The sentencing of David Castillo for the murder of Berta Cáceres: COPINH’s response
Interview with Bertha Zúniga, COPINH coordinator and daughter of Berta Cáceres
“We’ve been expecting this sentence for almost a year. This opens a very important stage in order to realise this guilty verdict against one of the killers of my mother, our comrade Berta Cáceres,” said Bertha Zúniga, the coordinator of the Civic Council of Popular and Indigenous Organizations of Honduras (COPINH).
The leader warned that the judicial decision could still be reversed and the Honduran justice system must continue investigations to prosecute the masterminds of the murder of Cáceres who are, according to COPINH, several members of the Atala family.
“We know that someone ordered, and someone paid for the attack on the Lenca people and COPINH, to try to subdue them and to assassinate our comrade Berta Cáceres. And there they are, getting rich, going unpunished, as if nothing happened,” she said in the Real World Radio interview.
On Monday, the Sentence Court of the Supreme Court of Justice convicted David Castillo, as co-perpetrator of the murder of Cáceres, to 22 years and 6 months in prison. The sentence was finally announced after about a year of waiting and several postponements – Castillo was originally convicted on 5 July 2021.
Cáceres was murdered on 2 March 2016 in her home, in the town of La Esperanza, Intibucá department, because of her leadership in the COPINH struggle against the establishment of the Agua Zarca hydroelectric project, owned by the company Desarrollos Energéticos (DESA), on the Gualcarque River. The environmentalist Gustavo Castro, member of Otros Mundos Chiapas – Friends of the Earth Mexico, was also injured in the attack on Cáceres.
Zúniga told Real World Radio that the sentence is somewhat “bittersweet”; Castillo’s sentence took a year to materialise and the punishment is not enough – it could have been up to 25 years of imprisonment. “There have been many manoeuvers of impunity. We were hoping to get him 25 years in jail. But no number is going to be enough to repair or alleviate the pain of such a great loss,” Zúniga said.

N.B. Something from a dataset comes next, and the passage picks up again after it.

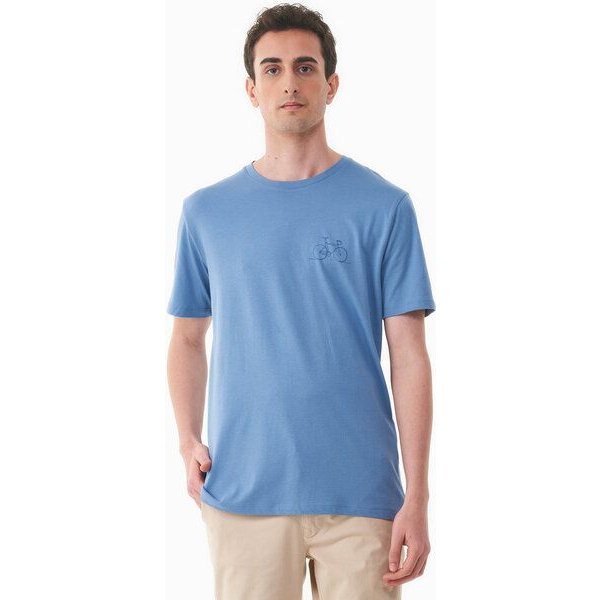 ORGANICATION T-Shirt aus TENCEL Modal und Bio-Baumwolle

The COPINH coordinator, whose mandate as coordinator was recently extended until 2025, warned that Castillo’s case could go to the Court of Appeals, which “is very dangerous and has a huge judicial backlog”. “To date, in the case of the seven previous defendants for the murder of Berta Cáceres, that Court has not convicted anyone. Once convicted, it typically takes four-five years for the conviction to materialise, and in the meantime, there is still a risk of impunity, of the convicted employing manoeuvers to be released,” explained the leader. “That’s why we want a swift sentence for Castillo, effective and within the real time frame, so that these 22 years and 6 months are an effective time period in which we can be sure that there is no longer a reversal of the process,” she added.
Regarding the constant delay in the reading of the sentence, Zúniga stated that “it is part of the violation of the rights of the victims, the violation of their right for access to justice”. She added that, “despite the excuses, for us it was a kind of mockery of our organisation. The communities were also very upset since we have been making the effort to accompany this whole process from the territories.”
Our interviewee highlighted that there is no political will to prosecute the intellectual authors of her mother’s murder. “The Atala family is a powerful one, they consider themselves untouchable. Nobody wants to do anything against them, or they’re scared to, I don’t know. There are no proper conditions [for bringing them to justice].” However, COPINH will continue to fight for the investigation and prosecution of the intellectual authors of the political femicide of Cáceres.
“We leave that responsibility to the justice system. We are going to fight so that the new administration also implies real commitments,” Zúniga said. She added: “We are also requesting the involvement of international technical and independent commissions to assist, monitor, review, handle proceedings and information and fulfil fiscal requirements, so that this emblematic case is also honoured from within justice.”